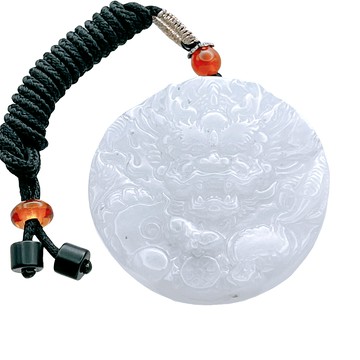 琪臻珠寶 天然A貨翡翠糯冰烏雞種龍牌吊墜(至尊霸王龍_龍形天下_翡翠龍牌)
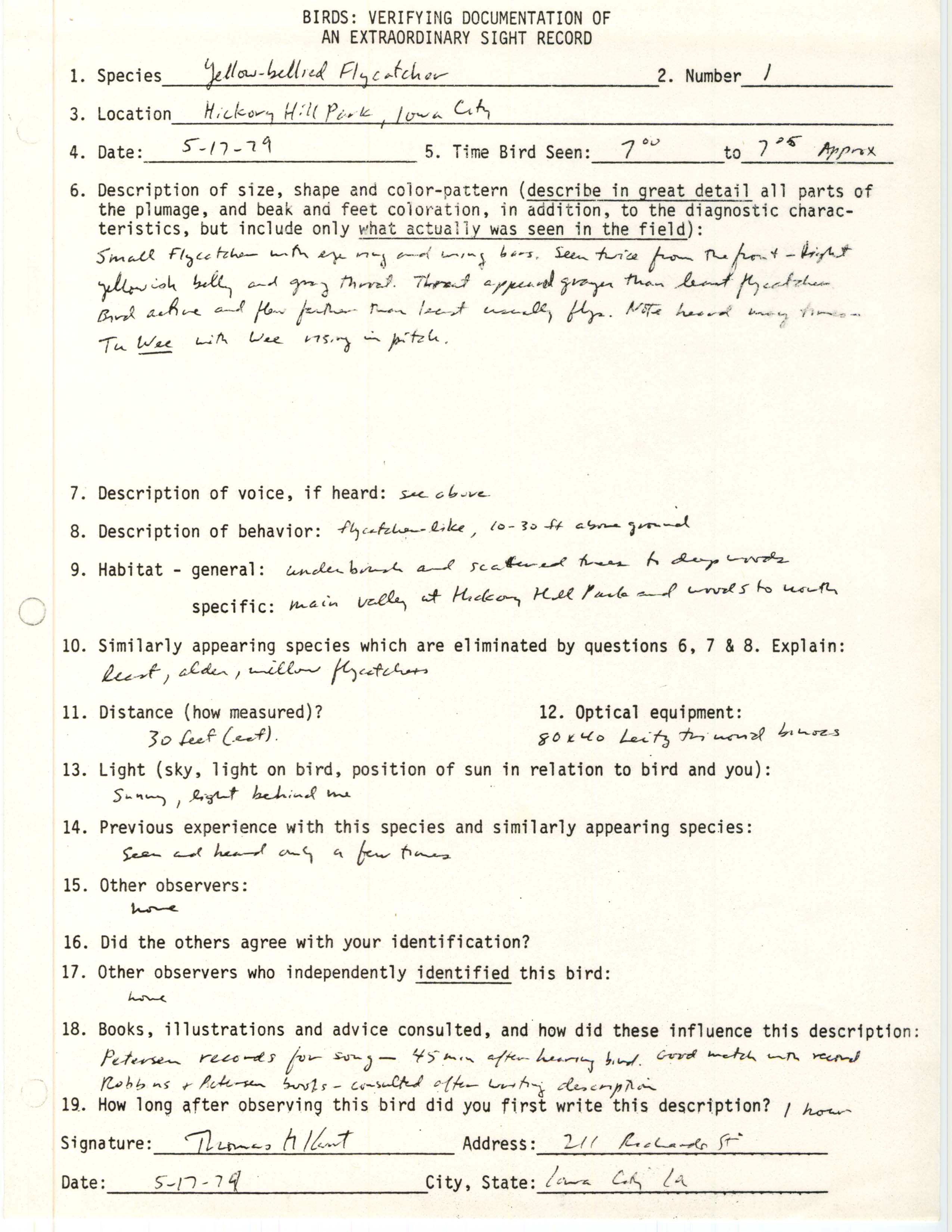 Rare bird documentation form for Yellow-bellied Flycatcher at Hickory Hill Park, 1979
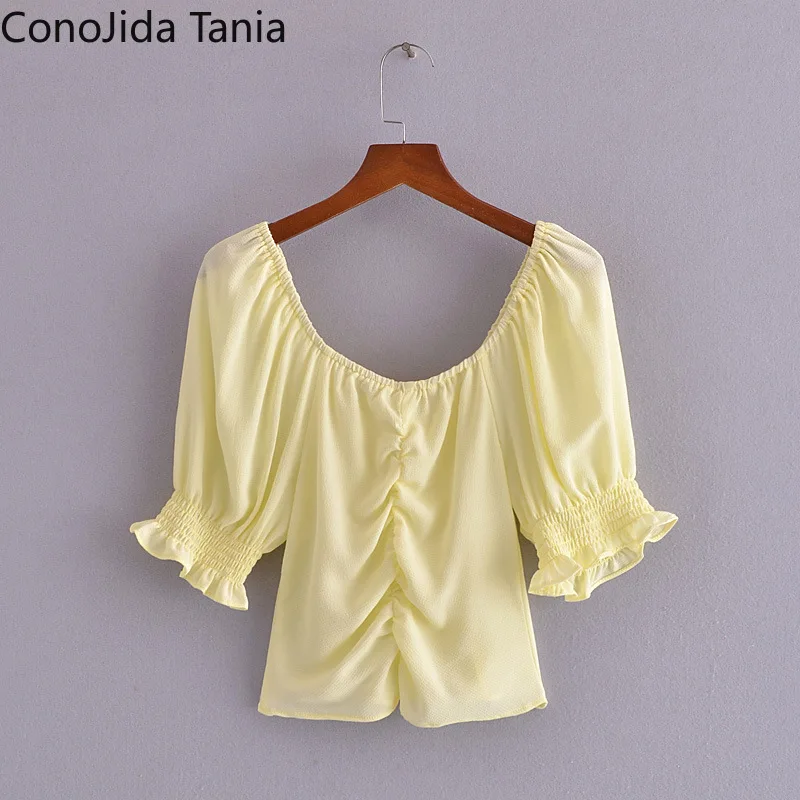 

Summer 2021 Women's New Yellow One-line Neck Puffy Sleeve Pleated Short Slimming Shirt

**Your objective:**
Everything in the material above must be repeated exactly, apart from its pictures.

**Result for this task:**
 琪臻珠寶 天然A貨翡翠糯冰烏雞種龍牌吊墜(至尊霸王龍_龍形天下_翡翠龍牌)
 Rare bird documentation form for Yellow-bellied Flycatcher at Hickory Hill Park, 1979

Summer 2021 Women's New Yellow One-line Neck Puffy Sleeve Pleated Short Slimming Shirt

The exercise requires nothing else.